Os dias sucedem-se, os expedicionários percorrem a pé vários quilómetros, vencendo desfiladeiros e gargantas serranas. Apenas sossegam quando dormem de noite. Num ambiente de alegre camaradagem, as diferentes secções consomem o tempo, pesquisando, recolhendo, medindo e fotografando os elementos. A secção médica destacava-se, pela concorrência de visitantes, pelos instrumentos científicos e pela singularidade de Sousa Martins que, de barrete verde de campino - nasceu em Alhandra -, fazia clínica, observações, experiências e cirurgias aos aldeões que a ele se acercavam.
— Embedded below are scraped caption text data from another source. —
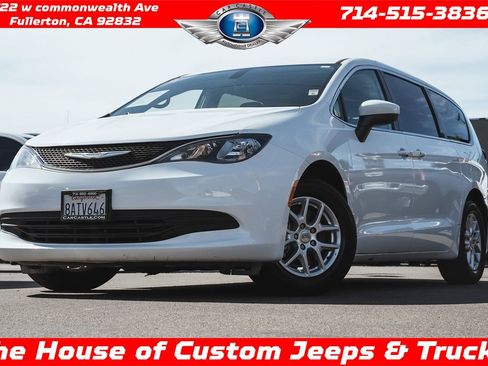 Used 2017 Chrysler Pacifica Touring image 1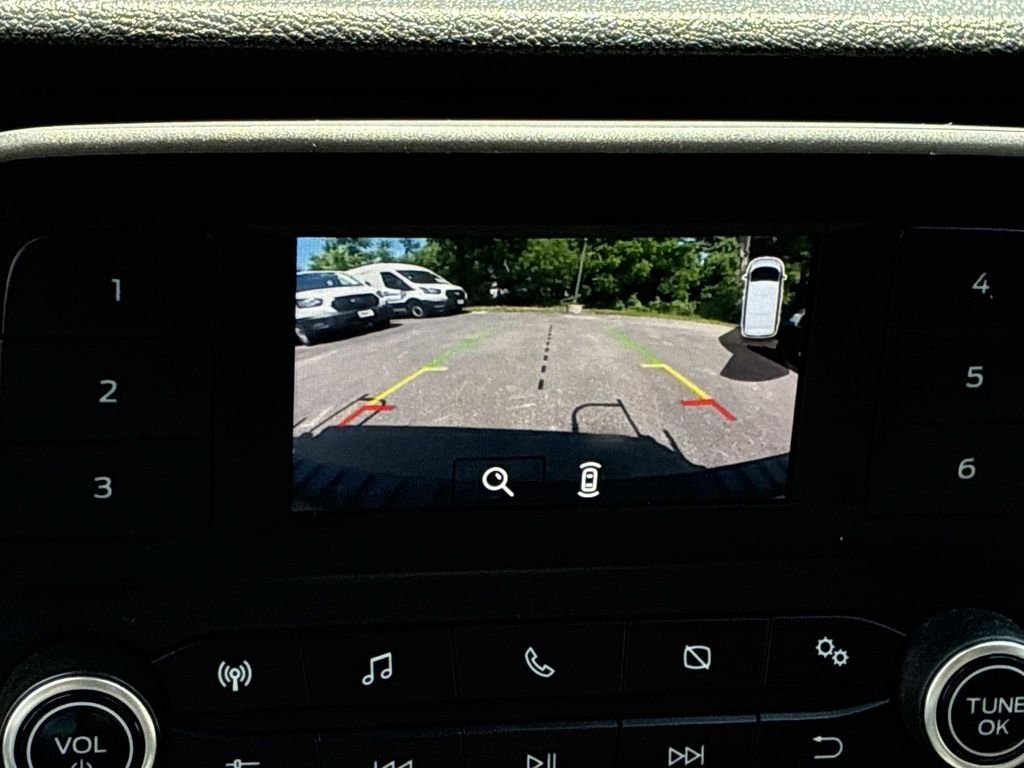 Used 2022 White Ford Base image 33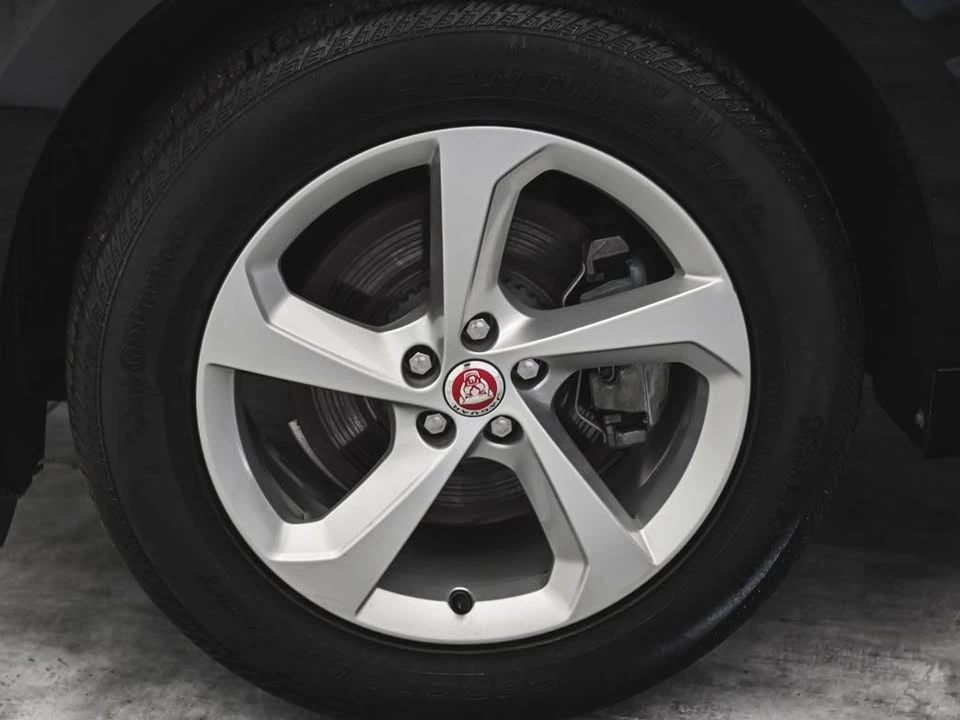 2023 Jaguar F-Pace - Image 7 of 20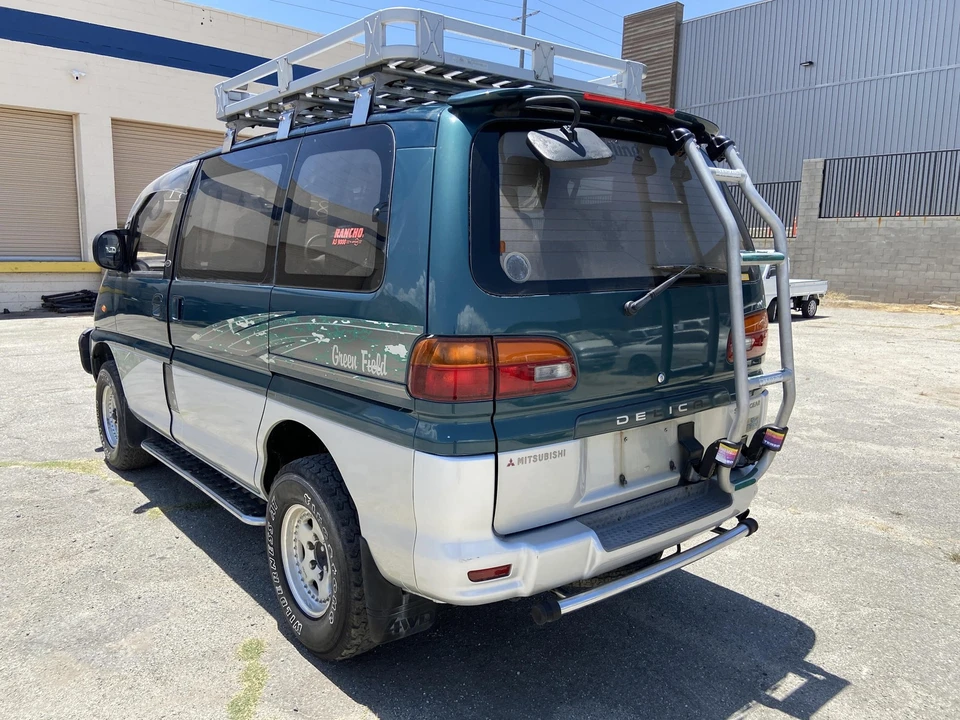 1995 Mitsubishi Delica 4th Gen - Image 13 of 21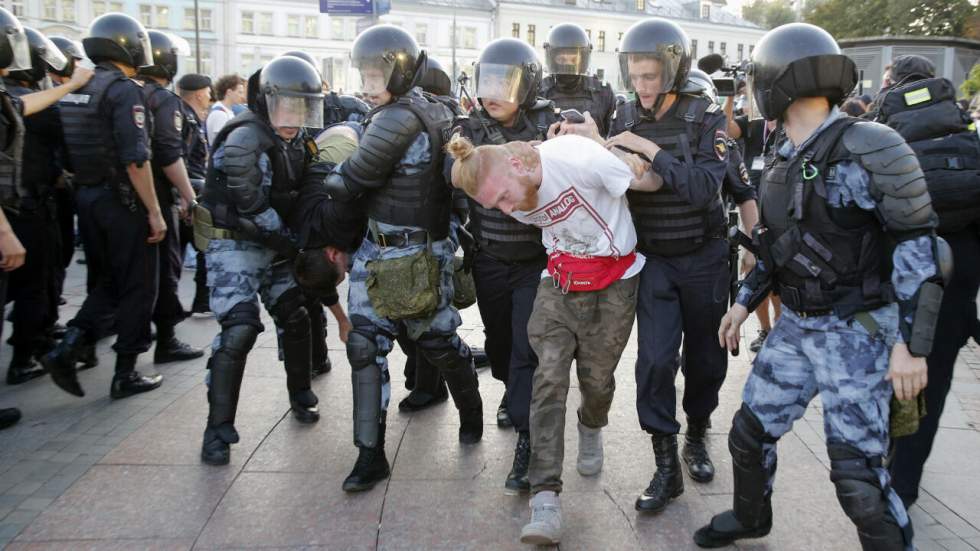 Manifestants arrêtés à Moscou : "On assiste à une crispation du pouvoir russe"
As excursões apresentavam-se surpreendentes, sobretudo a das lagoas, com a desmitificação da lagoa Escura, antes imaginada sem fim, a comunicar com o mar. O grupo ficou extasiado pela posição das mesmas, "separadas uma da outra por uma faixa de granito de alguns metros de extensão, contornada por zimbros formosos", num cenário de uma beleza notável, e sem "monstros do abismo e o mouro encantado", figuras que evadiam a imaginação dos cientistas antes desta experiência pioneira. O grupo estava maravilhado: o horizonte parecia infinito.
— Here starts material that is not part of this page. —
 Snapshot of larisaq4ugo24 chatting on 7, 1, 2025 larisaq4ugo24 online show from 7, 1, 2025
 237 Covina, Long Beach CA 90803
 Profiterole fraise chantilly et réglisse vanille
Houve jantares invulgares e até uma procissão já no final
para se proceder à devolução, entre as secções, dos instrumentos científicos,
que foram elevados ao lugar de Santos. A população local foi, aliás, um
parceiro determinante, aparecendo em massa no acampamento e contribuindo para
avaliações médicas e partilhando lendas e histórias, verdadeiras e ficcionadas.
Algumas destas perduram, tal como a imaginação de quem ainda se aventura, sob o
sonho de querer e saber, acreditando que a serra é, ainda, muito mais que o
manancial de informação que essa experiênca científica nos deixou e que, nestes
dias, recriámos, também com aventura, festa, foguetes, música, jantares,
piquenique, exposições e, sobretudo, com as gentes locais.
Pelas terras de Manteigas, Seia e Guarda, revivemos passos antigos, num palco privilegiado para viver experiências únicas, envoltas da nobreza das paisagens, das encostas vertiginosas, das lagoas e das pedras esculpidas, dos vales glaciares, das águas termais, da pureza do ar e do silêncio cristalino. Discreta, mas contagiante, a serra da Estrela foi uma aventura há mais de um século e, hoje, contém nela o turismo do futuro, onde o científico se revela em toda a extensão do olhar.
Hermenegildo Capelo
Finalmente, a Câmara Municipal de Palmela, de onde a família Capelo era natural, acaba de editar um opúsculo, onde refere a expedição à Serra da Estrela, mas também uma outra, à Serra do Gerês, no ano seguinte, em 1882.